At the molecular level, diacerein inhibits NF-κβ, leading to downregulation of downstream gene transcription, such as for genes encoding proinflammatory cytokines. Previous evidences demonstrated that IL-1 family of cytokines has important role in the regulation of responses associated with inflammatory stress. Diacerein downregulates the activity of IL-1β by decreasing the number of IL-1β receptors on the cell surface and by influencing the activities of NF-kappaβ and caspase-3 in the early phase of glomerulosclerosis5,19.

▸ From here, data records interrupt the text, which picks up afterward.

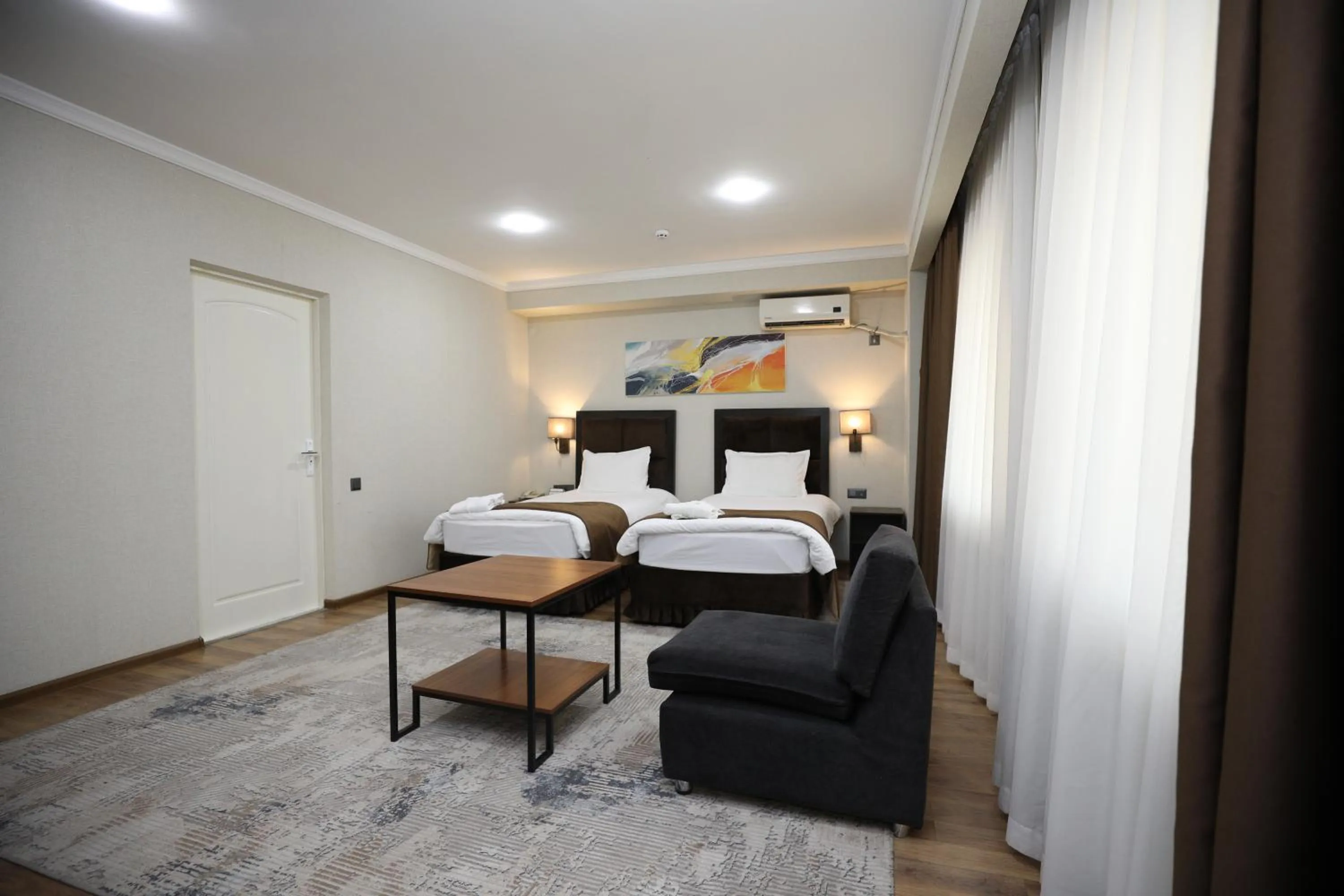 View (from property/room), Bed in Ziyorat Luxury Hotel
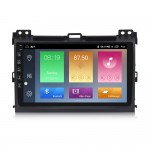 Android 10.0 IPS 2.5D Car GPS Player For Toyota Prado 120 Land Cruiser 2004-2009 support 4G LTE built-in CarPlay DSP no dvd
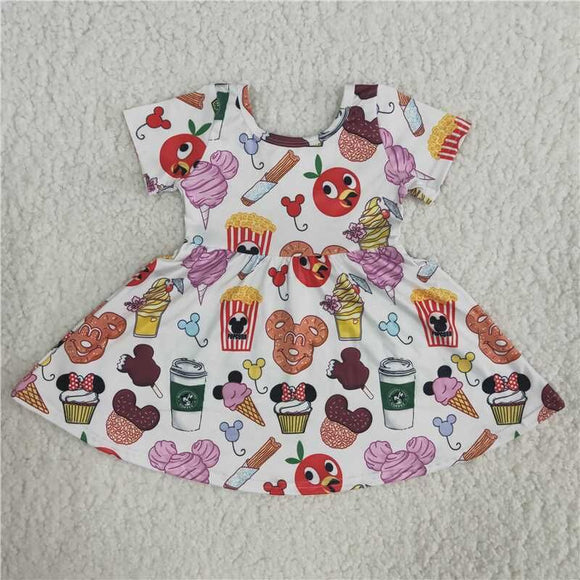 new arrive boutiques summer dress cute baby girl short sleeve twirl dresses kids boutique clothing children's clothes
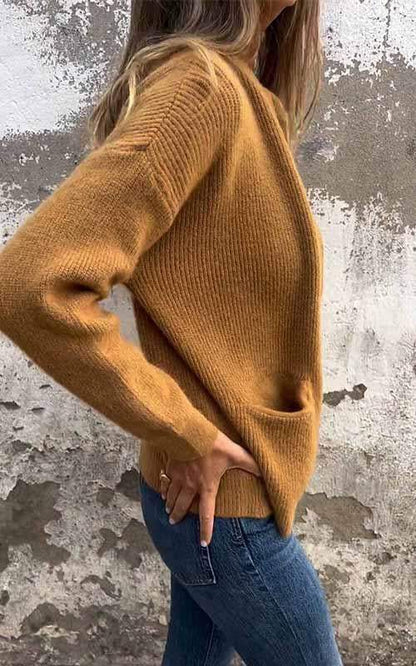 Damesvest Zwart Gebreid Met Ritssluiting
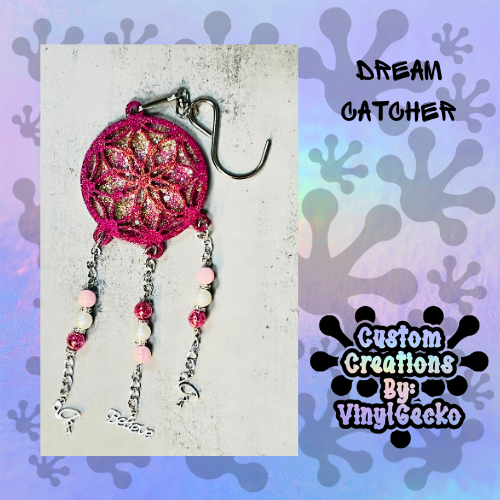 Dream Catcher Flamingo Pink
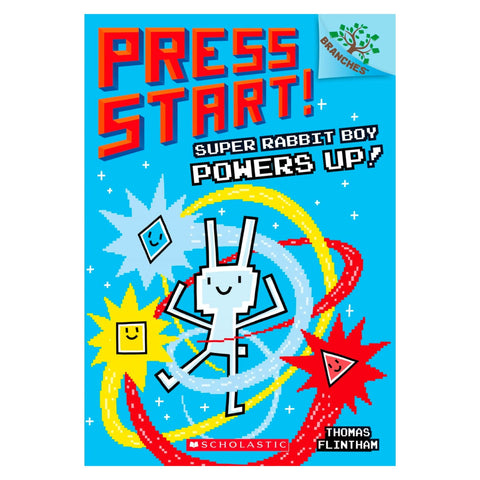 Super Rabbit Boy Powers Up! A Branch Book (Press Start! #2) - The Bookmatters
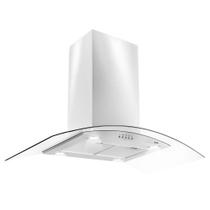 Coifa e Depurador de Ilha EOS 90cm Com Vidro Curvo ECO90IV Inox 220V Coifa e Depurador de Ilha EOS 90cm Com Vidro Curvo ECO90IV Inox 220V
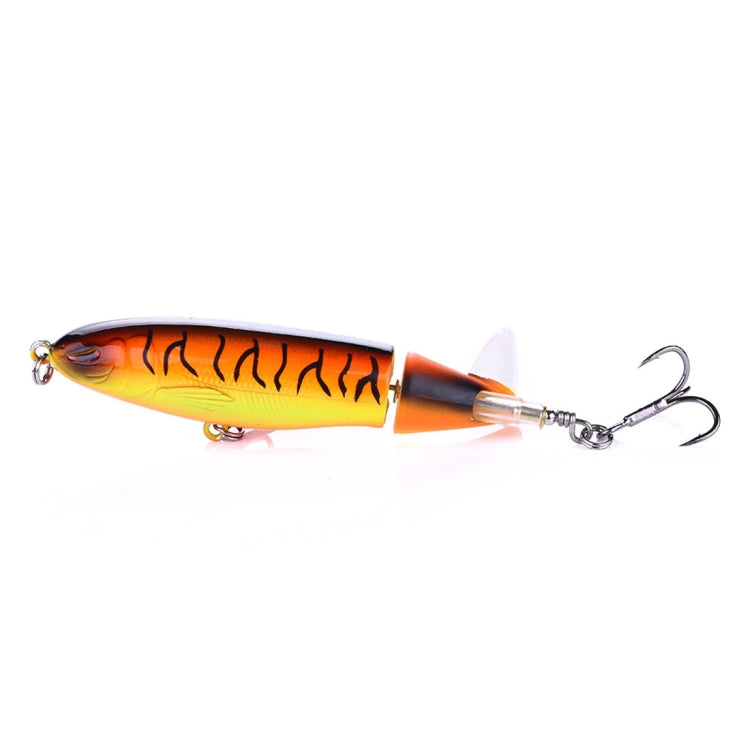 HENGJIA PE018 10cm/13g Propeller Tractor Shaped Hard Baits Fishing Lures Tackle Baits Fit Saltwater and Freshwater (8#)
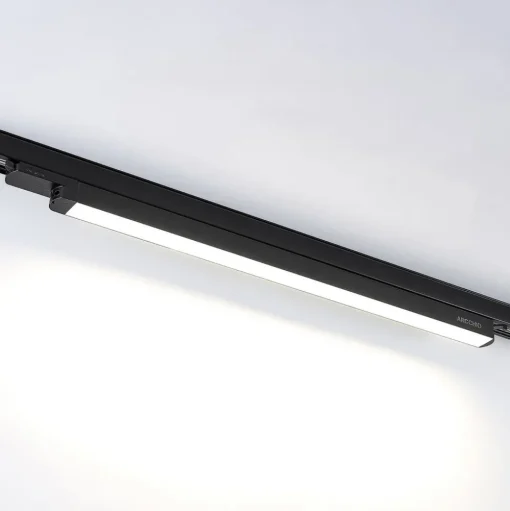 Arcchio Harlow LED track light, zwart, 69 cm, 4.000 K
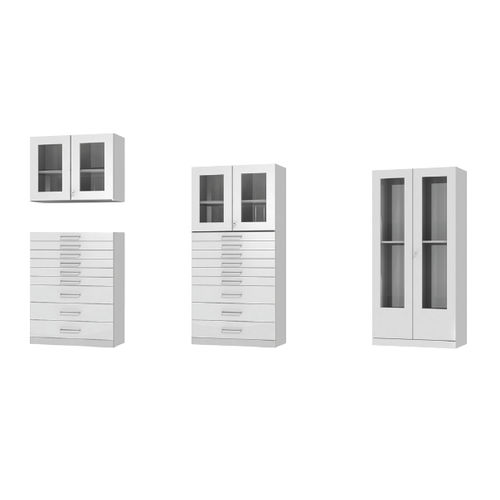 Werkstattschrank - BeeWaTec AG - auf Füßen / für Workstation / Labor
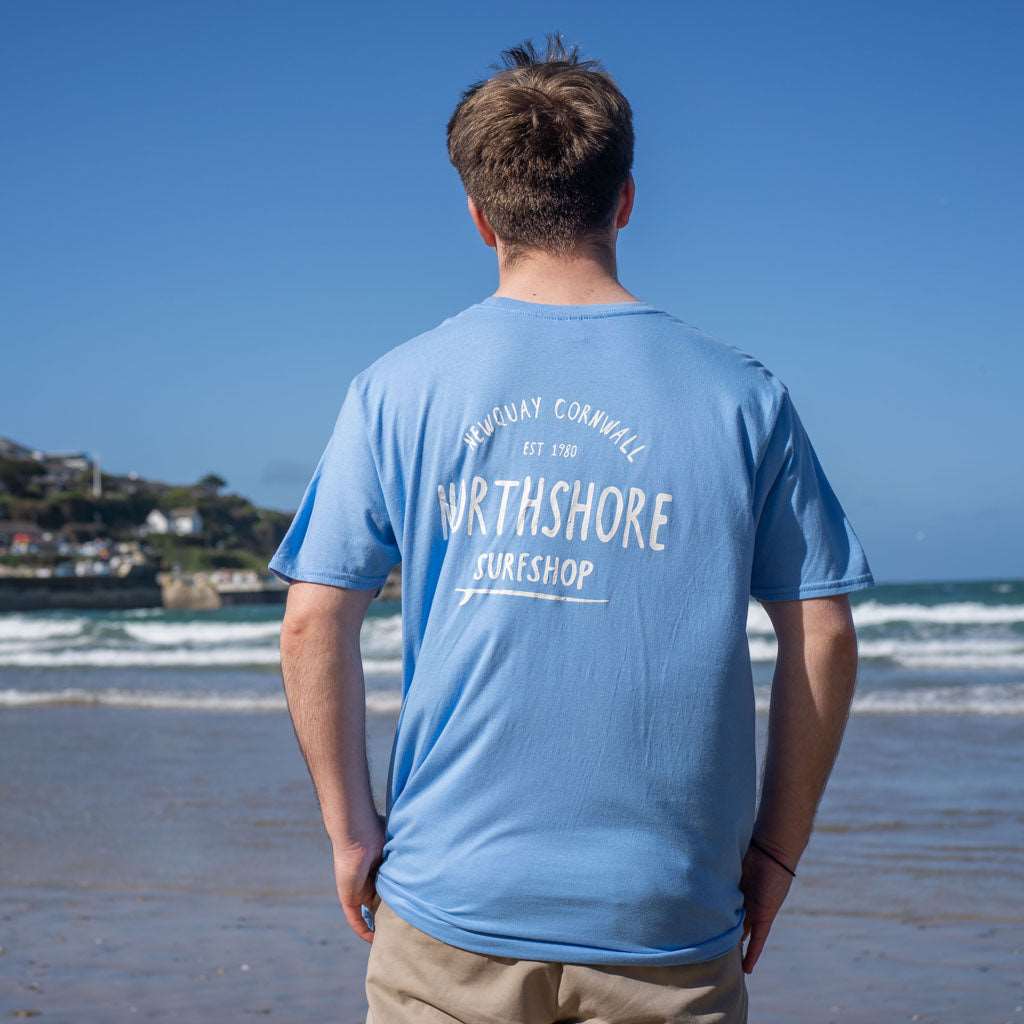 Classic Logo T Shirt | Light Blue | Northshore Surf Shop | T Shirt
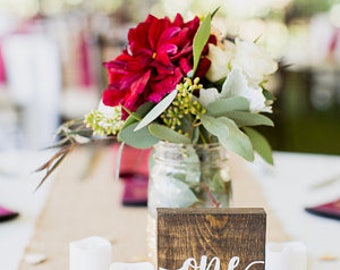 Wooden Table Numbers Set Of 20 Wedding Decor Wooden Table Numbers Set Of 20 Wedding Decor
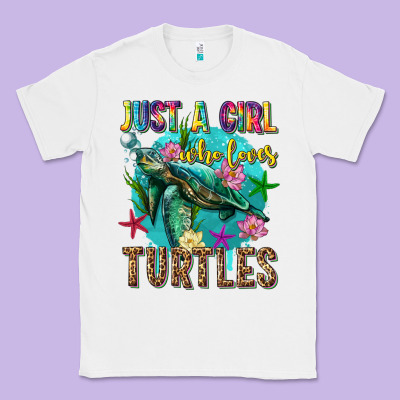Just A Girl Who Loves Turtles Classic Tee Designed By Texasbilliewilder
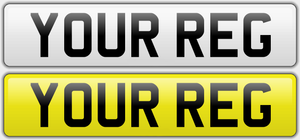 Standard Oblong Number Plate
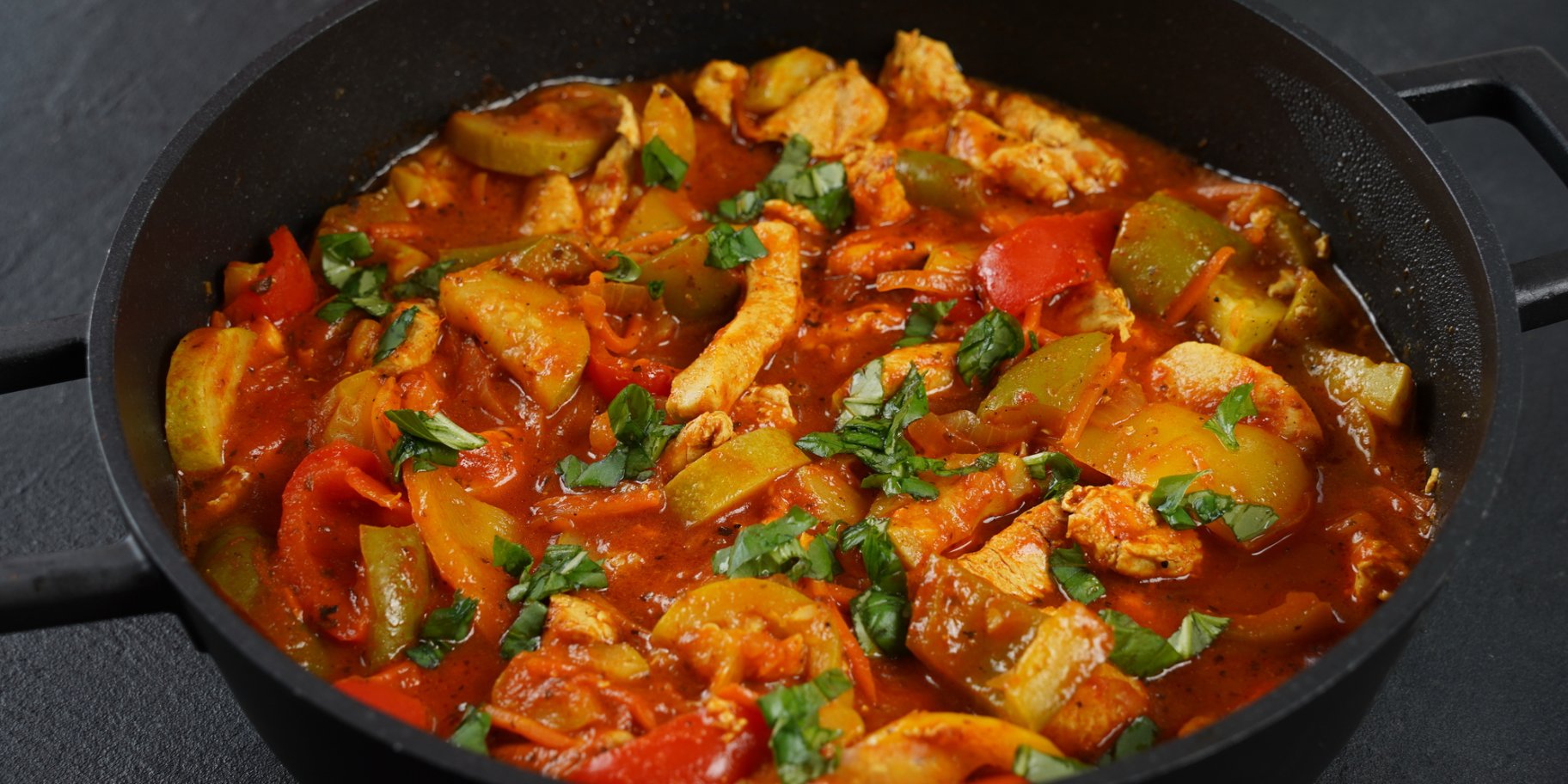 Овочеве рагу з індичкою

Diacerein and its metabolite rhein showed reno-protective effect as previously reported in different models of renal injuries. The mechanisms of nephroprotective effect include reduction of in the pro-inflammatory mediators like prostaglandin E2, IL-1β, TNFα and IL-12 at post-transcriptional or post-translational level. In addition, diacerein succeed to be a nephroprotective drug against acetaminophen induced nephrotoxicity6, 20,21.
CONCLUSION
It is concluded that pretreatment of cisplatin-treated rats with either diacerein (50 mg kg–1) or diacerein (100 mg kg–1) protect against cisplatin-induced nephrotoxicity. The nephroprotective effects of the doses of diacerein were accompanied with attenuation of cisplatin-induced alteration in oxidative stress.
SIGNIFICANT STATEMENTS
This study discovers the renoprotective effect of diacerein against cisplatin-induced nephrotoxicity in rats shedding light on its antioxidant and anti-inflammatory properties. This study suggests diacerein for investigation as rescue therapy with other strategies like hydration to prevent nephrotoxicity in cancer patients receiving cisplatin.
ACKNOWLEDGMENT
Authors like to thank Eva pharmaceutical company, Egypt for providing diacerein powder as a gift from the company.